I am not a silent woman. But I am not louder than the men who are in my peer group. We’re all talking at about the same volume, some a little louder, some a little softer. And it would be nice if my gender would stop being the one factor that determined the worth, and appropriateness, of everything I did.

She is entirely right on this, you know, people.

Ursula Vernon is breaking the silence about lawn crayfish:

I did what anybody does when they learn that an aquatic creature is living in their flowerbed–I went to Twitter screaming “HOW IS THIS MY LIFE!?!”

Several people informed me that yes. This is a thing that happens.

Everyone else on earth assumed I was drunk or insane or being an artist or engaging in some obscure form of collaborative fiction, possibly with Seanan McGuire. (Which would be awesome, don’t get me wrong, but no. The crayfish really exists.)

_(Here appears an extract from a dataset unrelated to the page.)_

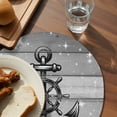thumbnail image 3 of Nautical Anchor Round 15 Inch Placemats Set of 6, Rudder Stars Retro Black Grey Wooden Grain HeatResistant Non Slip Place Mats for Dining Table, Wipeable Braided Kitchen Table Mats for Housewarming, 3 of 9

Some species, apparently, live in lawns. Anywhere with a high water table, say. And at night they come out and walk around the lawn.

There is a five-inch crayfish walking around my garden on ten legs right this minute while I’m typing.

Not gonna lie. That kinda squicks me out a little. I mean, I love animals well beyond the point of sanity and reason, but…dude, it is walking around out there. A freakin’ LOBSTER is WALKING in my garden.

Jenny’s Library on Robin Hood’s Ship of Magic: Team Sea Serpent:

Which is how I found myself attempting to read Robin Hobb’s Ship of Magic. Despite my better judgement and the advice of friends whose opinions I trust.

I didn’t even make it through the first 100 pages. This is possibly because none of the characters make any bit of sense and the most interesting one so far is the sea serpent who tried to convince some poor sailor to toss himself overboard.**

Starships! Were meant to fly!

I was going to do a linkspam, but, you know, the sun is shining, I’m packing, my life is falling apart slightly less today than it was yesterday, and all the links can wait.

But you all NEED to SEE THIS.

It made me remember why I fell in love with science fiction in the first place. And oh, did I ever fall in love with science fiction. SPAAAACE! BOOM! Ships and stars and weirder wonders, and the great hope that we might still be human, and humane, and ourselves, against all that endless dark.


Oh bright rain, brave clouds, oh stars,
oh stars.

Two thousand four hundred fires
and uncharted, unstudied,
the hours, the hours, the hours.

(Video via Aoife O’Riordan at Consider The Tea Cosy, an admirable Irish feminist.)